Jane Clark Putnam was a prominent abolitionist in Boston. She came from a family considered to be part of the educated Black elite of the northern states. She was the wife of George Putnam and the mother of the noted educator Georgiana Frances Putnam.

Putnam was also a founder of an 1830s temperance society in Boston and was an officer of the Garrison Society.

== Biography ==
Jane Putnam was born Jane Clark and was part of a noted family in Massachusetts. She was the daughter of Peter Clark and Mitty Rhodes and was a descendant of Anthony and Jennie Clark, settlers of Hubbardston in 1768. She was married to George Putnam on July 3, 1825. The couple first settled in Salem where they raised their seven young children, Joseph, Georgiana, Helen, Jane, Adelaide, George, and Wendell Phillips. Putnam was a business owner in the city, successfully running a hair salon, which she operated with her brother Anthony Clark.
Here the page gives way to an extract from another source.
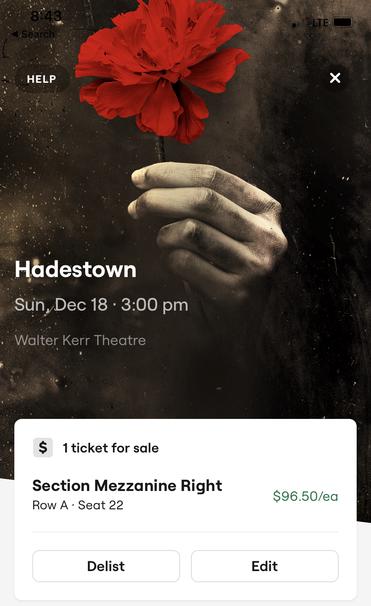 1 Ticket To Hadestown 3pm 12 18 Message Board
Putnam's husband, George, was a leader of the temperance and abolitionist activity in antebellum America. He was one of the first to call for an organization of blacks, one that addressed Black African grievances. Jane Putnam was elected president of this organization's auxiliary group that was formed for women. These social groups were established as a reaction to the growing segregationist impulses in Boston. The Putnam family experienced such discrimination. An account cited how they were refused admission to a museum on account of their skin color. Putnam was also active in petitions to state legislature calling for the integration of schools.

As a prominent activist advancing temperance in Boston, she worked with Susan Paul and Nancy Prince. She co-founded the city's black women's temperance society, a social movement against the consumption of alcoholic beverages, with Lavinia Ames Hilton in 1833 as well as the Garrison Juvenile Society four years later. The Garrison Society was involved in historical education and social services, in addition to abolitionist rallies. In 1833, the Putnam's home hosted the awarding of William Lloyd Garrison in recognition of his antislavery initiatives.